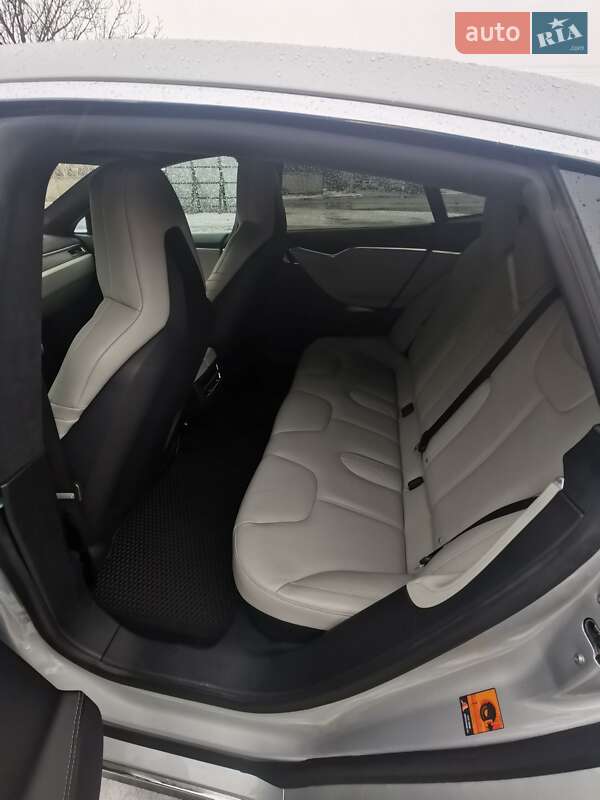 Ліфтбек Tesla Model S 2016 в Тернополі
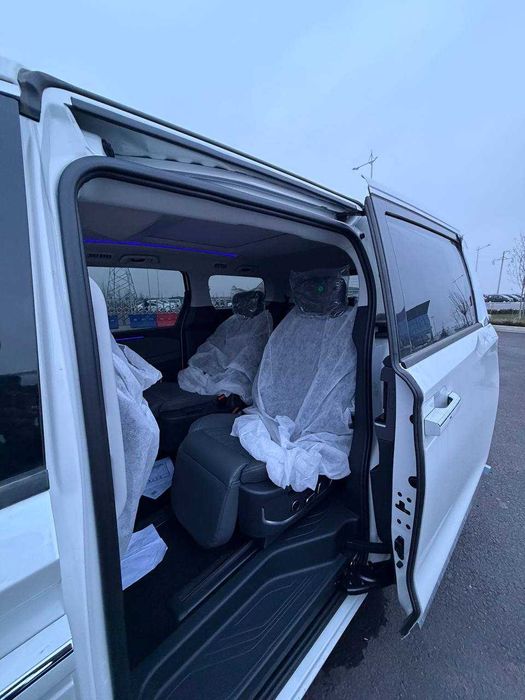 JAC RF8 FLAGSHIP кроссовер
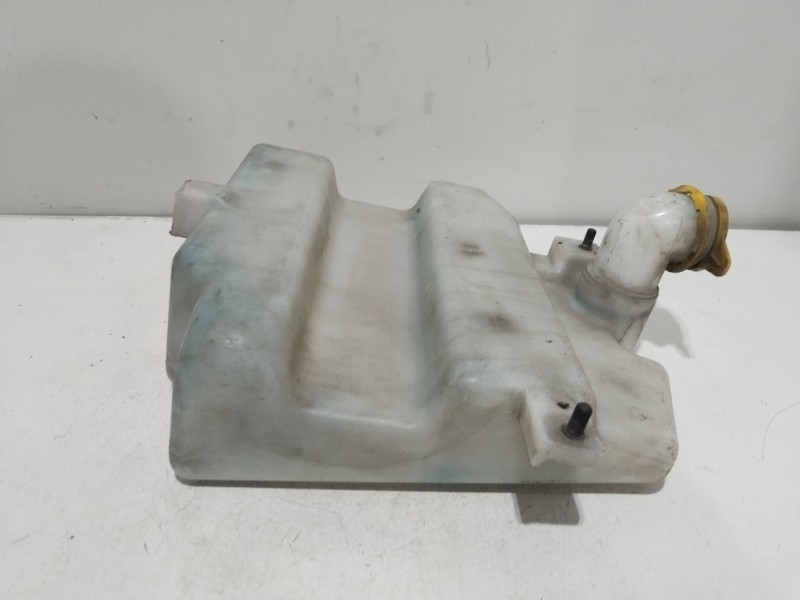 Recambio de deposito limpia para opel agila básico referencia OEM IAM 09209133  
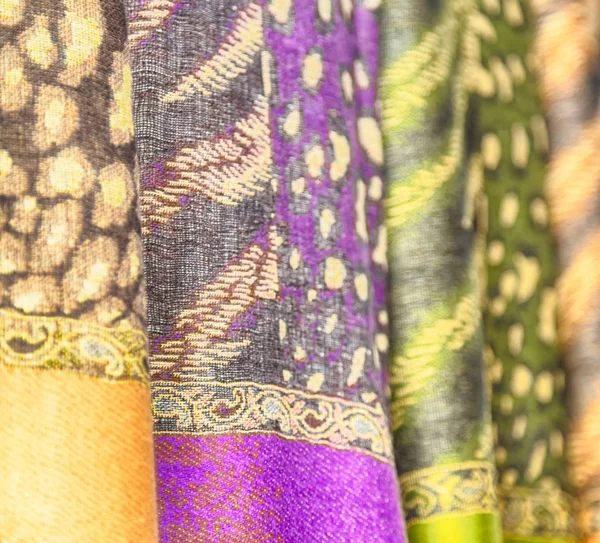 Desenfoque Philippines Accesorio Colorido Bufanda Pañuelo Para Cabeza Viejo Mercado —  Fotos de Stock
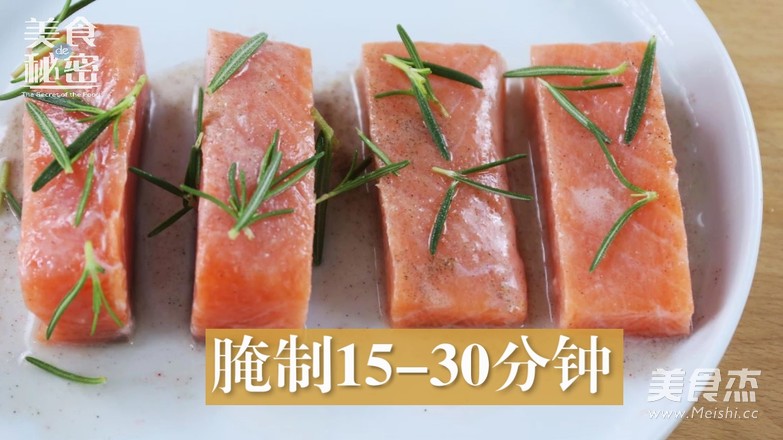 迷迭香煎三文魚的做法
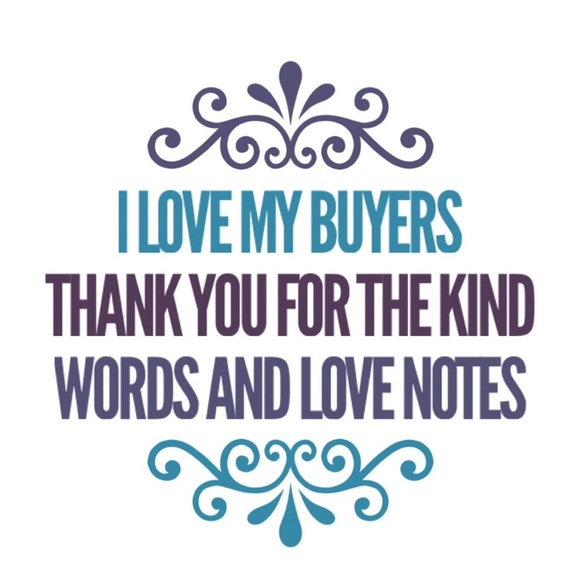 East Coast Styles for all 4 Seasons👙❄️🧣🍁🌷 - Picture 4 of 12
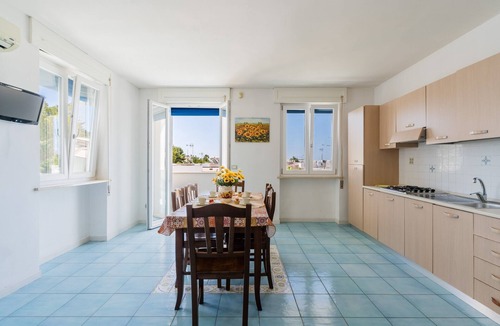 Marina di Mancaversa Apartment | Apartment 'Residence La Perla - Smeraldo' with Balcony and Air Conditioning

■ ■ ■ ■ ■

• [WHAT YOU SHOULD DO] Your answer must be an exact repeat of the records above, with the pictures left out.

• [SOLUTION FOR THIS EXERCISE]
 Ліфтбек Tesla Model S 2016 в Тернополі
 JAC RF8 FLAGSHIP кроссовер
 Recambio de deposito limpia para opel agila básico referencia OEM IAM 09209133  
 Desenfoque Philippines Accesorio Colorido Bufanda Pañuelo Para Cabeza Viejo Mercado —  Fotos de Stock
 迷迭香煎三文魚的做法
 East Coast Styles for all 4 Seasons👙❄️🧣🍁🌷 - Picture 4 of 12
 Marina di Mancaversa Apartment | Apartment 'Residence La Perla - Smeraldo' with Balcony and Air Conditioning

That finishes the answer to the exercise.